The German regulator’s warning last year on the financial instability of Pensionskassen was “a wake-up call” to the sector, according to Götz Neumann, chairman of the board at the €2.5bn Pensionskasse for Wacker Chemie.
Speaking at the Handelsblatt occupational pension fund conference in Berlin this month, Neumann described BaFin’s warning as tantamount to “a beneficial shock for some companies”.
In May last year the regulator’s announcement that some of Germany’s 130 Pensionskassen were in poor financial health sent shock waves around the industry, with some accusing BaFin of scaremongering and causing uncertainty among pension savers.
At the time, Frank Grund, head of the BaFin department overseeing Pensionskassen, highlighted the major impact that low interest rates had on pension vehicles with guarantees, warning that “without additional capital some Pensionskassen will no longer be able to operate at full capacity”.
Wacker Chemie’s Neumann said at the conference: “We had to react spontaneously that afternoon to explain the situation to our members.

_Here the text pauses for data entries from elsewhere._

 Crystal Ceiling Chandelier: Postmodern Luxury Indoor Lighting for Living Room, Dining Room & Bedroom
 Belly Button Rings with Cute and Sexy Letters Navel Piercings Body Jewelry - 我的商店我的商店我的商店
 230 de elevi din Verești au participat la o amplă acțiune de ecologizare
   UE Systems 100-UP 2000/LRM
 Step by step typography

So for us it was more of an irritation as we have a strong sponsor company with which we are in continuous talks about the financial situation.”

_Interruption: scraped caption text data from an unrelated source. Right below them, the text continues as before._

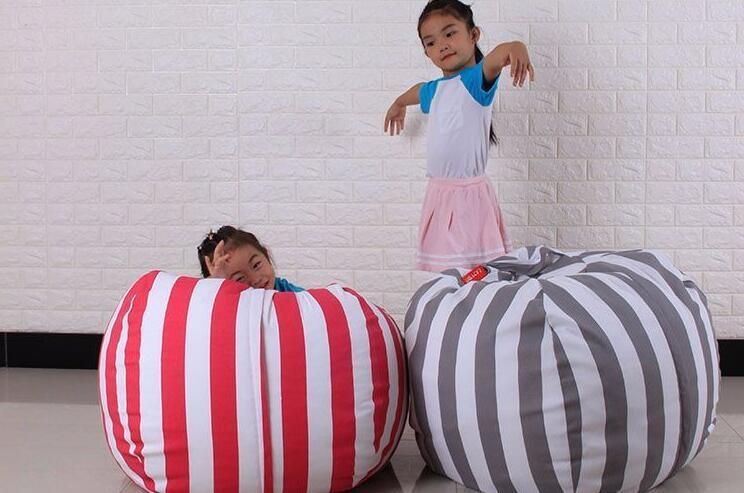 stuffed animal storage bag chair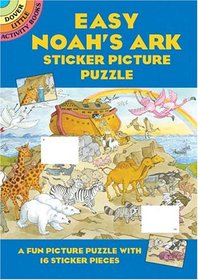 Easy Noah's Ark Sticker Picture Puzzle (Dover Little Activity Books)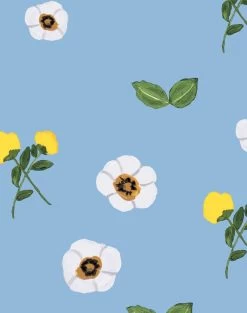 'Parfumee Garden' Wallpaper By Carly Beck - Cornflower 7 'Parfumee Garden' Wallpaper By Carly Beck - Cornflower -Wall Decoration Store Parfumee Garden cornflower detail 8f8db737 0eec 4143 9330 afb9f01ed60d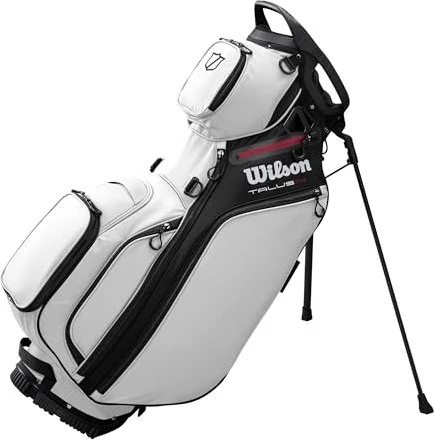 Wilson Talus Standbag Golftasche weiß/schwarz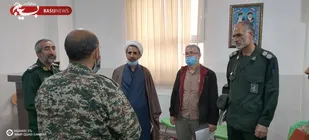بازدید نمایندگی ولی فقیه وشورای نمایندگی لشکر ۱۴ امام حسین(ع) از گردان های ۱۰۴و۱۰۸ امام حسین(ع)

However, he added that not all of his peers were that lucky, and that some companies or other plan sponsors “who had known about the crisis but did not take action”.

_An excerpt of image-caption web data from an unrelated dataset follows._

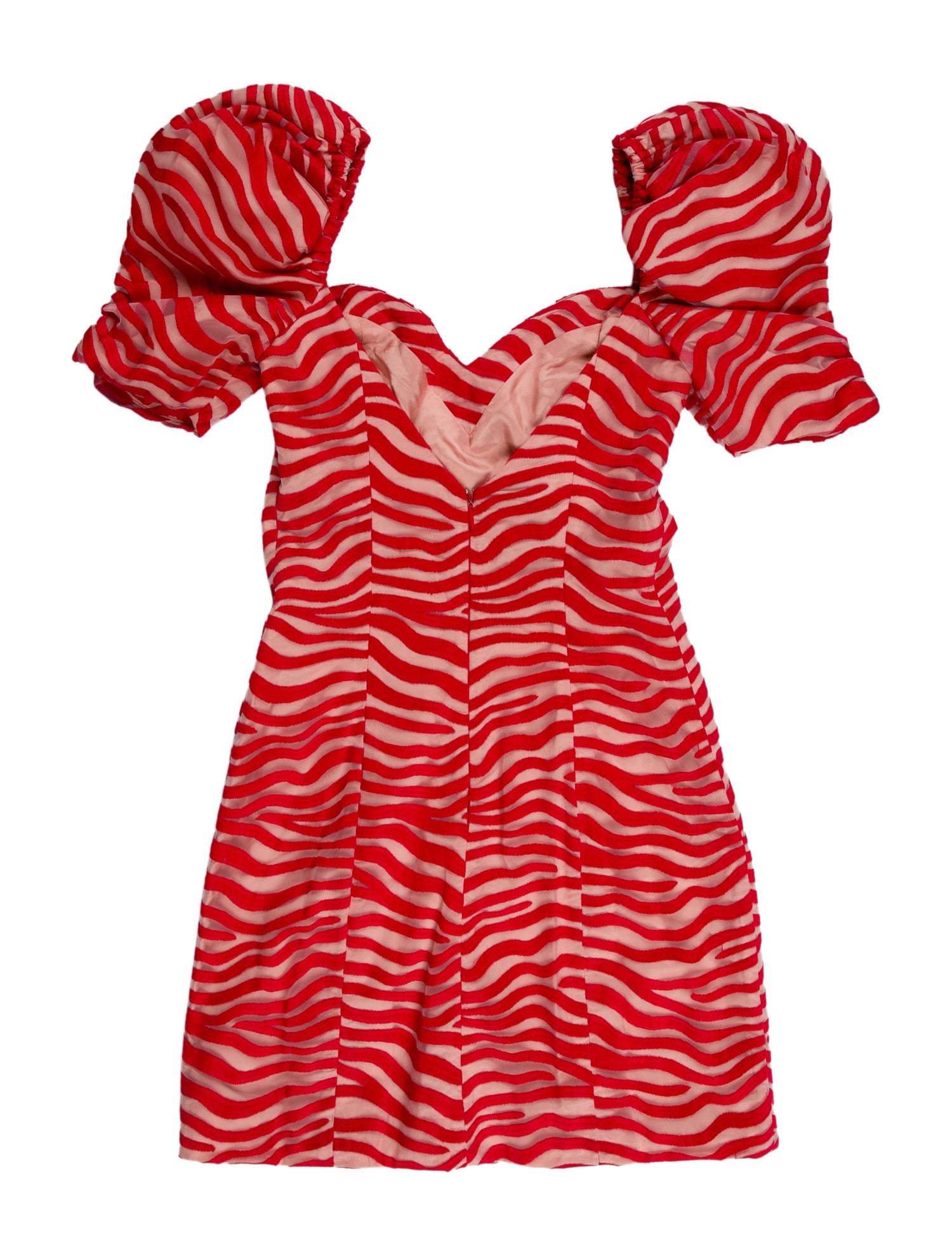 Adam Selman Animal Print Mini Dress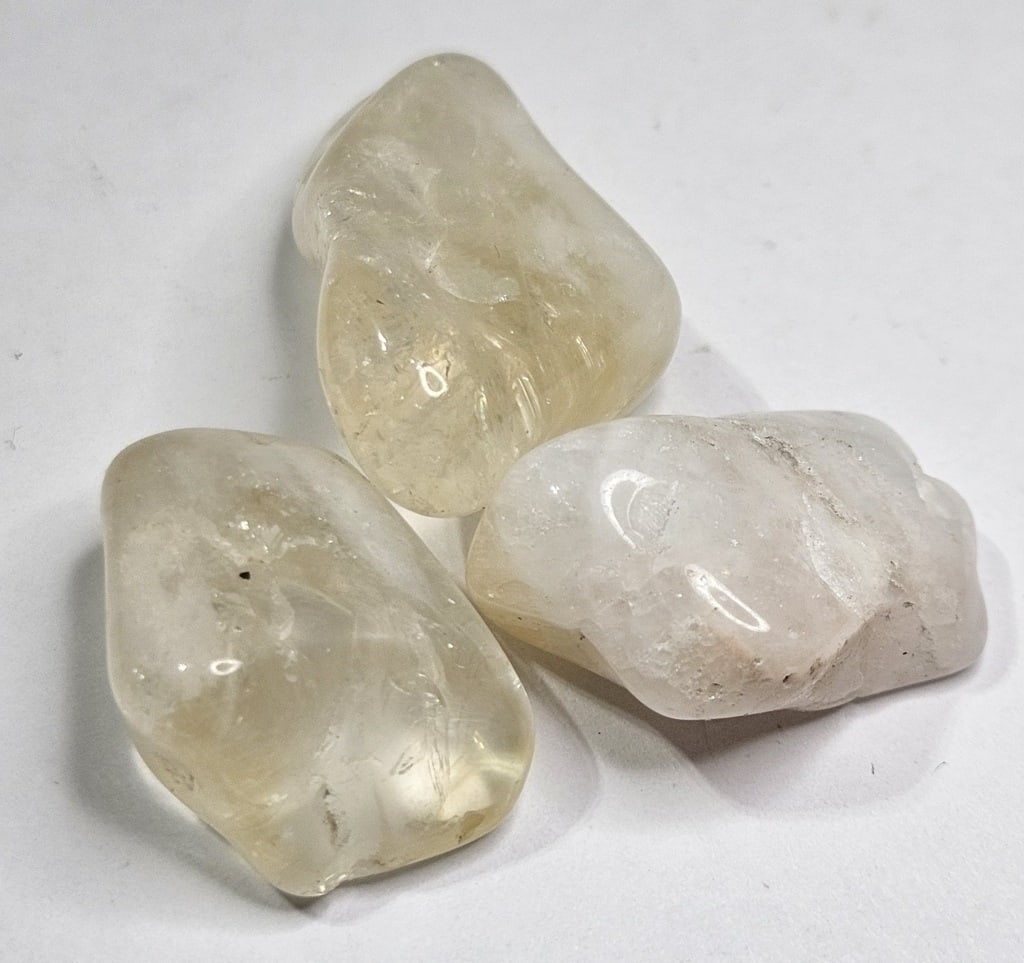 26.37 gram Natural Citrine Tumble Lot: Item is the item in the image - Bidder is responsible for all value and grade determination - Please review all terms and conditions prior to placing any bids- All 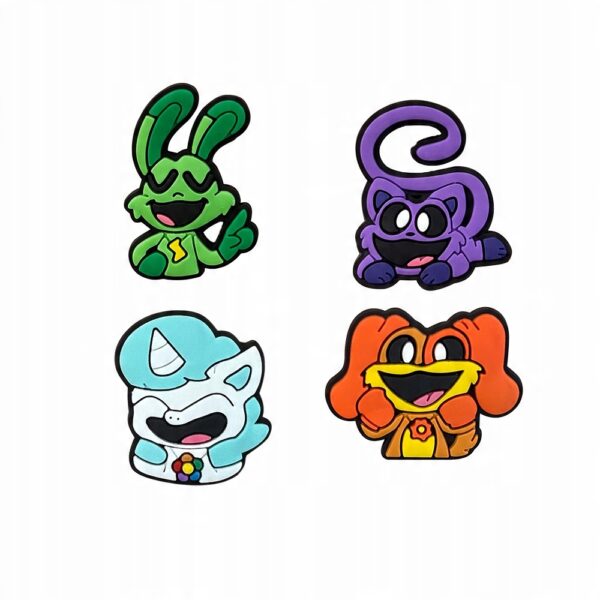 Zestaw przypinek do butów Crocs SMILING CRITTERS 4 szt - obrazek 2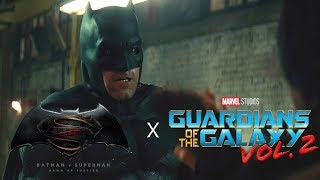 Batman v Superman Warehouse Fight Scene GOTG Vol 2 Opening Style [upl. by Asiaj65]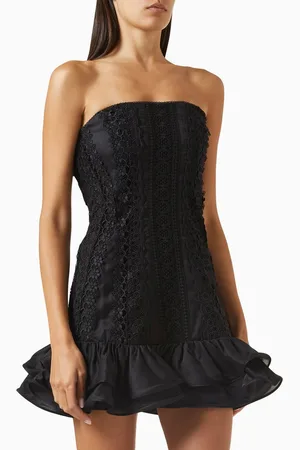 CHARO RUIZ IBIZA Pralle Mini Dress in Lace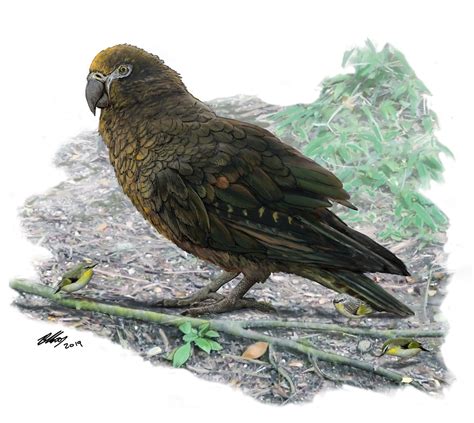 Giant Parrot Fossil Shows Creature That Weighed About 15 Pounds : NPR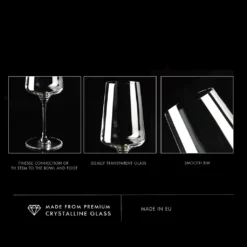 KROSNO Infinity Rotweingläser, 6er-Set, 500 Ml -Weinglas Serien Geschäft 0e2a0f207d7cb3a443fda89519f55be5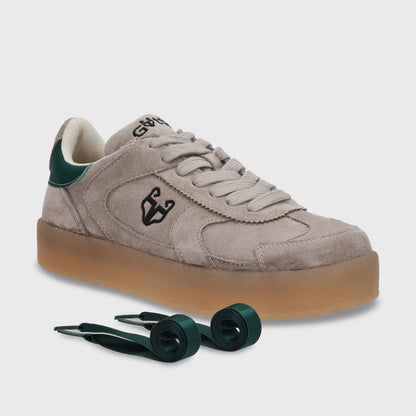 Zapatilla Plana Gris Mujer 53741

“Many smaller Pensionskassen were able to take the BaFin’s warning to their sponsors to put pressure on them,” he said.
At the end of last year, BaFin took the unprecedented step of closing the Caritas Pensionskasse to new business because of solvency issues. It subsequently confirmed that 54 Pensionskassen were under “close watch”.
Since then, this number has come down to around 30, with some still having to report quarterly to the supervisor. Neumann said this reduction in Pensionskassen at an immediate risk could be in part because of BaFin’s warning.
Meanwhile, Neumann also criticised the regulator’s approach to limits on allocations to so-called risky assets or illiquid investments.
“We know better than the BaFin how asset allocation works and we could increase our returns if we had more leeway,” he argued.
Neumann added that, with a strong sponsor backing the asset allocation, some Pensionskassen should “be given the chance to earn money on the market rather than the company having to issue cash injections”.